Tunix supports several logging backends out of the box, powered by `metrax`
[link](https://github.com/google/metrax/ ). The default backend selection
depends on the execution environment.

#### Wandb

[Weights & Biases](https://wandb.ai/) is a supported backend for experiment tracking. ([Backend Code](https://github.com/google/metrax/blob/main/src/metrax/logging/wandb_backend.py))

*   **Availability**: *Enabled by default* in external environments (if `wandb`
    is installed).
*   **Configuration**:
    *   `project_name`: Sets the Wandb project name (default: "tunix").
    *   `run_name`: Sets the specific run name. If not provided, it defaults to
        a timestamp (e.g., `2025-01-14_08-40-01`). **Note:** Wandb distinguishes
        between a run name and a run id. Runs with the same name are tracked as
        separate entities differentiated by their run id.

#### TensorBoard

[TensorBoard](https://www.tensorflow.org/tensorboard) is supported for visualizing metrics. ([Backend Code](https://github.com/google/metrax/blob/main/src/metrax/logging/tensorboard_backend.py))

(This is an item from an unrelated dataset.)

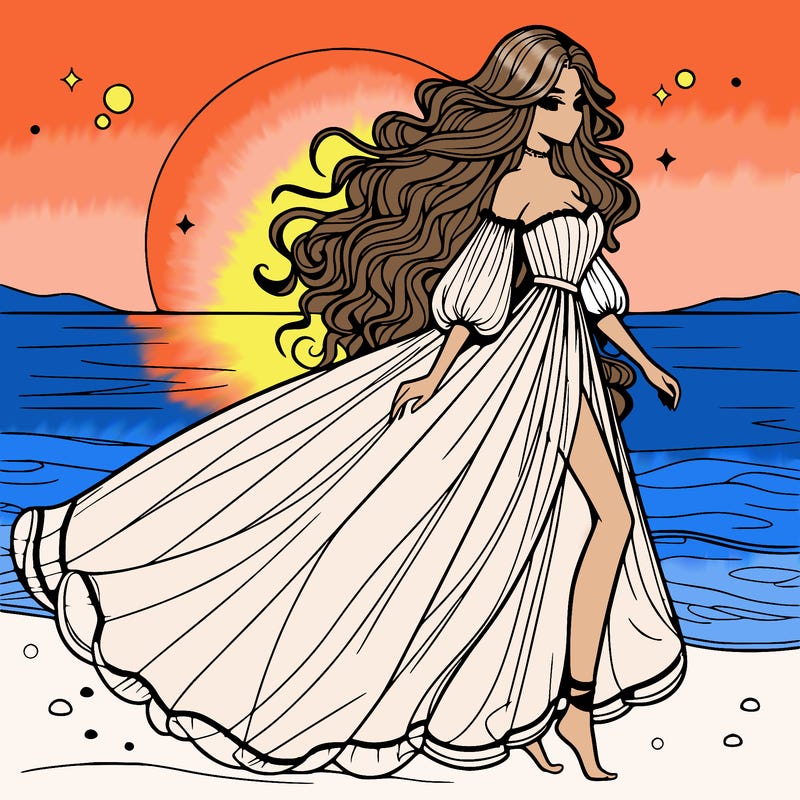 beautiful woman with a vaporous long dress walking on the beach at the noon, detailed art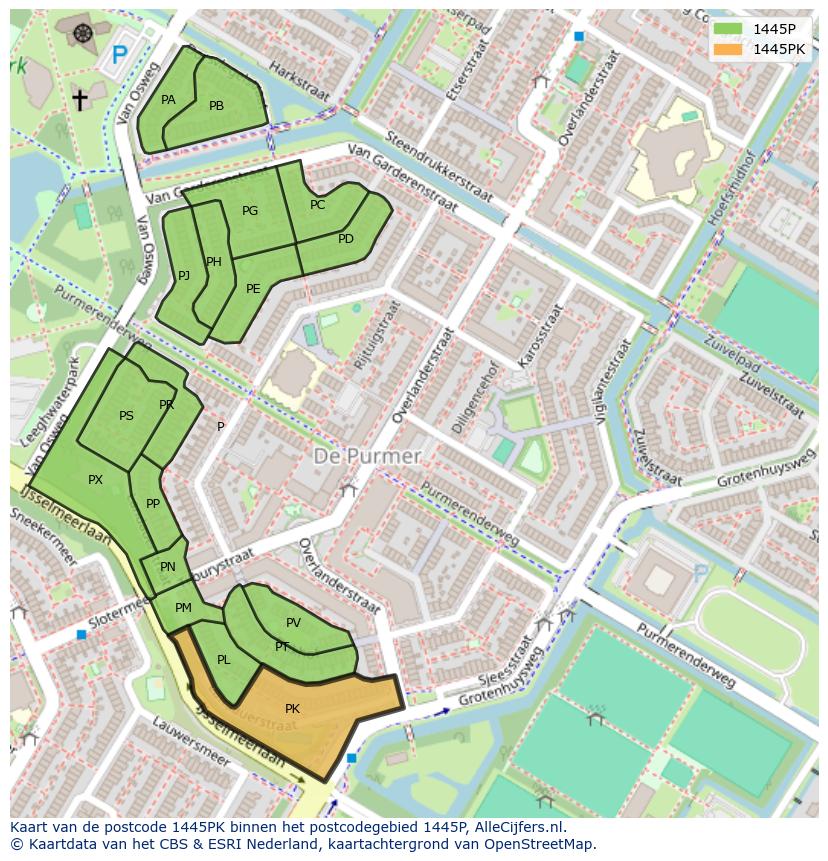 Afbeelding van het postcodegebied 1445 PK op de kaart.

*   **Availability**: *Enabled by default* in external environments.
*   **Configuration**:
    *   `log_dir`: Directory where event files are written.
    *   `flush_every_n_steps`: Frequency of flushing logs to disk (default: 100).

### Custom metric logger

You can integrate any logging service by creating a custom backend that conforms
to the `metrax.logging.LoggingBackend` protocol.

#### 1. The Protocol

Your custom backend class need only needs to implement `log_scalar` and `close`.
Explicit inheritance from a base class is not required since Metrax uses
Python's structural typing (duck typing).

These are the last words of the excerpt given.